Das Augsburg vom Niederrhein
Wo wir bei Roland Virkus wären: Borussia hat zum 4. Mal in seiner Amtszeit als Geschäftsführer Sport (also in jeder Saison, seit er die Verantwortung für den Profibereich hat) das von ihm selbst gesteckte Saisonziel verfehlt. In den meisten leistungsorientierten Unternehmen und Branchen würde wohl allein diese Tatsache ausreichen, um eine grundlegende Neubewertung und Aufstellung des Verantwortungsbereichs anzustoßen.
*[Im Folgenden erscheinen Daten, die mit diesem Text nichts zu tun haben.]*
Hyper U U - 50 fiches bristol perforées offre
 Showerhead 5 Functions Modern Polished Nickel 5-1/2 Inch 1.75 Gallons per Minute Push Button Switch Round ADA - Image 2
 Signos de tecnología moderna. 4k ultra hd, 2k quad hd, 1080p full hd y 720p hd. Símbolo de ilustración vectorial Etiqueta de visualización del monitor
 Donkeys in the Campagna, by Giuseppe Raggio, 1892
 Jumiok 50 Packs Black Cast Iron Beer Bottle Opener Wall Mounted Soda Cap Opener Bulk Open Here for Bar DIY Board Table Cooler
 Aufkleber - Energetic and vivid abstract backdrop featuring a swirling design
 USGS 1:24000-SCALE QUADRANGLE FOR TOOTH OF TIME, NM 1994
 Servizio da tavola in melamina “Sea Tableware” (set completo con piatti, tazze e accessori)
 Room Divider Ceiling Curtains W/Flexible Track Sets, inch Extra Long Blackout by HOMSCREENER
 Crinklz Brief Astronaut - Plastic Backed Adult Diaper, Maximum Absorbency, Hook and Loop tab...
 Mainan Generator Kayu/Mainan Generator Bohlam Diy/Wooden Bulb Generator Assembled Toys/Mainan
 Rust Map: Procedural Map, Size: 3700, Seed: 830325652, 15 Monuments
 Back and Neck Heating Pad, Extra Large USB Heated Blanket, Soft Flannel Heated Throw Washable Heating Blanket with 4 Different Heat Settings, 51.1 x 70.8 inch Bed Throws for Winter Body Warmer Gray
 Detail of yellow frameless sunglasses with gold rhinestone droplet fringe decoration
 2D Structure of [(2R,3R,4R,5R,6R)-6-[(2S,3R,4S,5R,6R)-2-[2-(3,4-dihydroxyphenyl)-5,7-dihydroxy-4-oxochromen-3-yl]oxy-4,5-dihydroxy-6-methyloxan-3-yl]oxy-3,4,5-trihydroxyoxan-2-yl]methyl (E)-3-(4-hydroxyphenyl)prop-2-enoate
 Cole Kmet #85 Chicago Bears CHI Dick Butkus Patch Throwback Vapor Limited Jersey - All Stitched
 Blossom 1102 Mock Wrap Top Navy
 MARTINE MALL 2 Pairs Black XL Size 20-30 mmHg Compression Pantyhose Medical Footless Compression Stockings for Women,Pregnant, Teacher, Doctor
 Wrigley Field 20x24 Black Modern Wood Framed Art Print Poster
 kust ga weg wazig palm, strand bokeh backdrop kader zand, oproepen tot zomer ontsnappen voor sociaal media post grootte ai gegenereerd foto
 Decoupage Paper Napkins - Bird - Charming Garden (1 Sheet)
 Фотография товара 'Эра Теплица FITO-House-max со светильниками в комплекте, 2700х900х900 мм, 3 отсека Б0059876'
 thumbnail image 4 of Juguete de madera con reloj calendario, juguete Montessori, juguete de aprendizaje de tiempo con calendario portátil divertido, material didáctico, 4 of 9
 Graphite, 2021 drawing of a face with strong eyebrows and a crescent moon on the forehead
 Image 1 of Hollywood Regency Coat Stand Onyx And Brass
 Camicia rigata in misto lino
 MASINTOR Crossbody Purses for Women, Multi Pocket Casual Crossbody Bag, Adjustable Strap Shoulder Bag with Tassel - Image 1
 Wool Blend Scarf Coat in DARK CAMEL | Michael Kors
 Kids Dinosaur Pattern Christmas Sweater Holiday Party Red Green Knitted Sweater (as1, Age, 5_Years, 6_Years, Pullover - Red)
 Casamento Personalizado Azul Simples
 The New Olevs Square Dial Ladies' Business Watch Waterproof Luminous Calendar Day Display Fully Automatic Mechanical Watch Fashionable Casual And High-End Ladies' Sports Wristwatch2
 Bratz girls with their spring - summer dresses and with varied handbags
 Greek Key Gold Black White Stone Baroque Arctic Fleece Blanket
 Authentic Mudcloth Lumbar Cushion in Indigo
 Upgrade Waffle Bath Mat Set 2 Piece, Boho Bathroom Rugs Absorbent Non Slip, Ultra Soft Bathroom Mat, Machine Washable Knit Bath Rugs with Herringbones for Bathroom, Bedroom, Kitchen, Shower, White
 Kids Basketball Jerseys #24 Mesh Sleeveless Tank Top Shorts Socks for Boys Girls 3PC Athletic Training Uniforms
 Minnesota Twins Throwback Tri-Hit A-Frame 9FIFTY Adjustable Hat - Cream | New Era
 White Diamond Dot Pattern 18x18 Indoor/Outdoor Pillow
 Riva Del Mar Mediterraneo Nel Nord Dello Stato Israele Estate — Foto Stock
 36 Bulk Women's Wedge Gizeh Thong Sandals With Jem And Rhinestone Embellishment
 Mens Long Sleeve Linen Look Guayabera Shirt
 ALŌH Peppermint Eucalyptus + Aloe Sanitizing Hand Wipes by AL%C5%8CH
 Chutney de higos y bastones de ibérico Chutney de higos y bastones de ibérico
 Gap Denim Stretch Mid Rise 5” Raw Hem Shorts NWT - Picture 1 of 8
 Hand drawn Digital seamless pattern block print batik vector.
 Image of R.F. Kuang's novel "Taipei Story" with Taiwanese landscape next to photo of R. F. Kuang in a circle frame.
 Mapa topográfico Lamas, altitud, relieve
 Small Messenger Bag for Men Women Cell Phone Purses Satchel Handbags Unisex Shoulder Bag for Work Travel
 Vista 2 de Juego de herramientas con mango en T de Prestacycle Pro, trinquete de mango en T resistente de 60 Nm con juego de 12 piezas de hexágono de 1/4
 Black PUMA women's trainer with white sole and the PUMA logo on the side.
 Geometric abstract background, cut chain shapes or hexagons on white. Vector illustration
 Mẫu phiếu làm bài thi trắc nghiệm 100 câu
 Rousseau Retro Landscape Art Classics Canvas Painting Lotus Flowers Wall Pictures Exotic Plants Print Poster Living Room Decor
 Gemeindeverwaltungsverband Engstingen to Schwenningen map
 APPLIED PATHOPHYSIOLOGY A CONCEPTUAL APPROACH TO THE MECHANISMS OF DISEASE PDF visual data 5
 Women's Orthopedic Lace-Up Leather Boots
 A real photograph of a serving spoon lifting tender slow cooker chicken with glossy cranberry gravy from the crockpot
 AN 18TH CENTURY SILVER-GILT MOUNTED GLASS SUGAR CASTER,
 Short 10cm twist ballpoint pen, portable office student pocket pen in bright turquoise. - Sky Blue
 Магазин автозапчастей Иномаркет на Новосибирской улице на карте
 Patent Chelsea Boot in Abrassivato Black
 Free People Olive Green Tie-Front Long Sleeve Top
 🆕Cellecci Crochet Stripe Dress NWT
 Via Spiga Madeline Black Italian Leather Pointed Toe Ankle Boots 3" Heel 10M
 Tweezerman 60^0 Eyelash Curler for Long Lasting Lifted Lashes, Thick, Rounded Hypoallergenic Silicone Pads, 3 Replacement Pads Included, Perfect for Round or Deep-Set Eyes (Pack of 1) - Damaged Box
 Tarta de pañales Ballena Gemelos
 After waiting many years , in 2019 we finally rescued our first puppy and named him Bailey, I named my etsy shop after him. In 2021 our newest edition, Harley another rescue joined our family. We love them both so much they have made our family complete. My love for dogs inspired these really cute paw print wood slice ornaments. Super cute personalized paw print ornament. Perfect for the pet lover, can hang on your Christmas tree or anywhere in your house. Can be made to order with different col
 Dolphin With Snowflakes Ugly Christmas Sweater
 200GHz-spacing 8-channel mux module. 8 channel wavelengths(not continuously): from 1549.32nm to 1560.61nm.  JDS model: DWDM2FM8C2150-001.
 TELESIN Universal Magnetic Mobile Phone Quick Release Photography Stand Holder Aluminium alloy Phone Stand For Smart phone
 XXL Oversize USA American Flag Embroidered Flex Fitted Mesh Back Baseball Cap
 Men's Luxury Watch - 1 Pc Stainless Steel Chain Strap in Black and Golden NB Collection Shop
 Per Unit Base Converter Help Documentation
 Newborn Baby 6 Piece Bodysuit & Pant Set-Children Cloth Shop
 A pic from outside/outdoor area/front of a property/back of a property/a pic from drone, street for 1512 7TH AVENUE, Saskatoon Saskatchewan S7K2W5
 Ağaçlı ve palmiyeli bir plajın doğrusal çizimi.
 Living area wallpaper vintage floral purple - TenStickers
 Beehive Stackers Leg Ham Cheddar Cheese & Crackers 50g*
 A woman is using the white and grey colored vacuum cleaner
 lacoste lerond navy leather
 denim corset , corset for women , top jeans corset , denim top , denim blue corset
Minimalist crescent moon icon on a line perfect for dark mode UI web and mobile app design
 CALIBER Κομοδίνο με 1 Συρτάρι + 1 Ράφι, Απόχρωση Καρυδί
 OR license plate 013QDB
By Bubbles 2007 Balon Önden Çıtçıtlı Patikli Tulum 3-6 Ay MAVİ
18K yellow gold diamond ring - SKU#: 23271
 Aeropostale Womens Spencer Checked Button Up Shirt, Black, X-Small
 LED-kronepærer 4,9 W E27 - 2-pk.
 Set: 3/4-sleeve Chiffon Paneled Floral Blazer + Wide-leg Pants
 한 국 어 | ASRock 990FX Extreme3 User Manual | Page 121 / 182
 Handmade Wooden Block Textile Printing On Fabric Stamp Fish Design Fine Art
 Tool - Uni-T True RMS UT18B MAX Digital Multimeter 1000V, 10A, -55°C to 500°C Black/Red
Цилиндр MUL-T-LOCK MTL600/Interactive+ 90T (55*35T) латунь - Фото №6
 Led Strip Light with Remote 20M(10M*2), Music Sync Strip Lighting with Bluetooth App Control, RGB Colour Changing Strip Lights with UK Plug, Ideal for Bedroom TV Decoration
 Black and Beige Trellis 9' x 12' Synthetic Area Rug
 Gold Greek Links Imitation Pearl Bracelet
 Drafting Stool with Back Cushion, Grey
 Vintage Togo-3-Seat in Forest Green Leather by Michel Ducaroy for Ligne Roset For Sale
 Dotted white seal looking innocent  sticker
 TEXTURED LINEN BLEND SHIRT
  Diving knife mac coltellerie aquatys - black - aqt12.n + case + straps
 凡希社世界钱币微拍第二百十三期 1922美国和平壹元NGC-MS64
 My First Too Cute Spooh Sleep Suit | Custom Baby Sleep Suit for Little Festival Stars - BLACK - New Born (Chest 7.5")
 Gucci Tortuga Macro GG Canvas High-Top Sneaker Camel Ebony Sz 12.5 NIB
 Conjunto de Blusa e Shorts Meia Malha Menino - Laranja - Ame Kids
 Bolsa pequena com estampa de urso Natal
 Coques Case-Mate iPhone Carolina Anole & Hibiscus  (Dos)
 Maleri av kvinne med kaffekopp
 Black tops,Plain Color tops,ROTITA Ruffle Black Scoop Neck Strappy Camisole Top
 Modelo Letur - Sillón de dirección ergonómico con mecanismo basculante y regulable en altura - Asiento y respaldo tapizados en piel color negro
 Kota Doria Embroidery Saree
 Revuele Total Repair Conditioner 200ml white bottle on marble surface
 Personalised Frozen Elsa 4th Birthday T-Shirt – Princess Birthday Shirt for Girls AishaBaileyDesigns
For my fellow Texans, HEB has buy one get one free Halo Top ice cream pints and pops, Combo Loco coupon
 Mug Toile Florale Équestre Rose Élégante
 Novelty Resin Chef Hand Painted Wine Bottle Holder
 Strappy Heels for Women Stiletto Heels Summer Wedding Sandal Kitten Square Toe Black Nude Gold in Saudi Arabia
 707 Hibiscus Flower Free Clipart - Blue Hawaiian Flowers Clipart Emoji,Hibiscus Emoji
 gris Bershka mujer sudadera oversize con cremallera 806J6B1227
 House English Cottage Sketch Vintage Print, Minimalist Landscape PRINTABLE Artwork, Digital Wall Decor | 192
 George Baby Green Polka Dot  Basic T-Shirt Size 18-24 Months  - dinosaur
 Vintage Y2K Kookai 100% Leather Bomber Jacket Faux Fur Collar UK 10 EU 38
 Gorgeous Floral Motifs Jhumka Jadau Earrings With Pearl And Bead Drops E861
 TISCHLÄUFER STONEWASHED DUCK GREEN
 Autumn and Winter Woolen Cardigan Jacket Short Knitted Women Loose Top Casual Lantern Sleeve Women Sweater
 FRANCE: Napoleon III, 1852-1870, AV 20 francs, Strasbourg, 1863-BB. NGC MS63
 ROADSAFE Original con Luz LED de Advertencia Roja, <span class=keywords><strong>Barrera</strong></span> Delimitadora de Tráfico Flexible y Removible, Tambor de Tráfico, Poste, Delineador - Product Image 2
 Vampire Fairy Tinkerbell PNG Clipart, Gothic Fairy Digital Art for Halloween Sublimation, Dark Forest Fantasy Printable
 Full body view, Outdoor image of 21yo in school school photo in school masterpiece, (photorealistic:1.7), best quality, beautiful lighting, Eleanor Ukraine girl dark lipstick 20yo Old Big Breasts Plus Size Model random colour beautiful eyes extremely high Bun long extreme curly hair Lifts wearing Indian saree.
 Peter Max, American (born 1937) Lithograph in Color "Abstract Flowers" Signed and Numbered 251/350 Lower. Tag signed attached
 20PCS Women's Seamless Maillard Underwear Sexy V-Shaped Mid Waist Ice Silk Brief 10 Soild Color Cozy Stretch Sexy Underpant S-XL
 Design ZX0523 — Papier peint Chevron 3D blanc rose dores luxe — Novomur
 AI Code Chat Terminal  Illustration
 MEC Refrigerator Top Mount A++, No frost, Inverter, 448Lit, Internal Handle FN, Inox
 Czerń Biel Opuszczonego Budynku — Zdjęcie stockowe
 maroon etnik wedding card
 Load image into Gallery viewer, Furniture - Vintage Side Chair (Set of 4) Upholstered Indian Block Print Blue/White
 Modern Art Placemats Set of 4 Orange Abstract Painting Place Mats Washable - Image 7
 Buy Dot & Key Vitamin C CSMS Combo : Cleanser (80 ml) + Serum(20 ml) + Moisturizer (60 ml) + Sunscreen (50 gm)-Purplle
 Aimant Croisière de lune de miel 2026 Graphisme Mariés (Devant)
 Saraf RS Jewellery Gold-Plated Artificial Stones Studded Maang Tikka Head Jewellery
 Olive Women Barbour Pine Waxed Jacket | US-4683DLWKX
Und es ist nicht so, dass selbst im "Dorf" Mönchengladbach der Erneuerungsbedarf auf allen Ebenen und Abteilungen des Vereins seit Jahren ein offenes Geheimnis wäre. Er wird jedoch nicht nur intern gebremst durch teilweise über mehr als 3 Jahrzehnte persönlicher Zusammenarbeit und gegenseitiger Abhängigkeit, sondern auch extern durch den Verweis auf einen ominösen "Entwicklungsprozess", dessen Ausprägung und Zielpunkt von jeher gerade so schwammig gehalten werden, dass noch jedes verfehlte Ziel als Teilerfolg verkauft werden kann. So erneut geschehen auf der diesjährigen Mitgliederversammlung, als schon vor dem Saisonendspurt von sportlich "bereits erreichten" Zielen gesprochen wurde. Seither hat Borussia kein Spiel mehr in der Bundesliga gewonnen und ist fünf Tabellenplätze abgerutscht. Vier Jahre in Folge in der Zweistelligkeit, das spricht für sich -Borussia ist eine sehr graue Maus in einer ohnehin nicht gerade farbenfrohen Liga.
Gaslight Anthem
Noch ist der Borussia-Park jede zweite Woche voll, noch reißen vor allem junge Fans der Borussia selbst die absurdesten Trikotvariationen (hallo, neues Auswärtstrikot!) und Fanartikel aus den Händen, noch stellen sich viele - wenn auch vermehrt achselzuckend - demonstrativ hinter den Verein. Doch das strahlende Weiß, in dem Borussia traditionell seine Heimspiele bestreitet und das immer sinnbildlich für den frischen, positiven Fußball der Fohlen stand, es scheint gerade nicht nur buchstäblich zu vergilben, eine Identität auf dem Platz wird schon länger schmerzlich vermisst. Zugleich ist eine wachsende Bitterkeit unter immer mehr Anhängern spürbar, die Aufbruchstimmung vermissen und sich irritiert zeigen von der PR einer heilen Fohlen-Welt aus Pathos und Tradition ("Wir sind eine Familie"), die einer zunehmenden Wagenburg-Mentalität des Vereins entgegensteht. Kritik, auch sachliche, scheint gemessen an verschiedenen Aussagen aus Aufsichtsrat, Präsidium und Geschäftsführung eher unerwünscht und wird teilweise brüsk zurückgewiesen. Für den jahrelangen sportlichen Stillstand können hingegen viele andere Gründe gefunden werden als das eigene Handeln.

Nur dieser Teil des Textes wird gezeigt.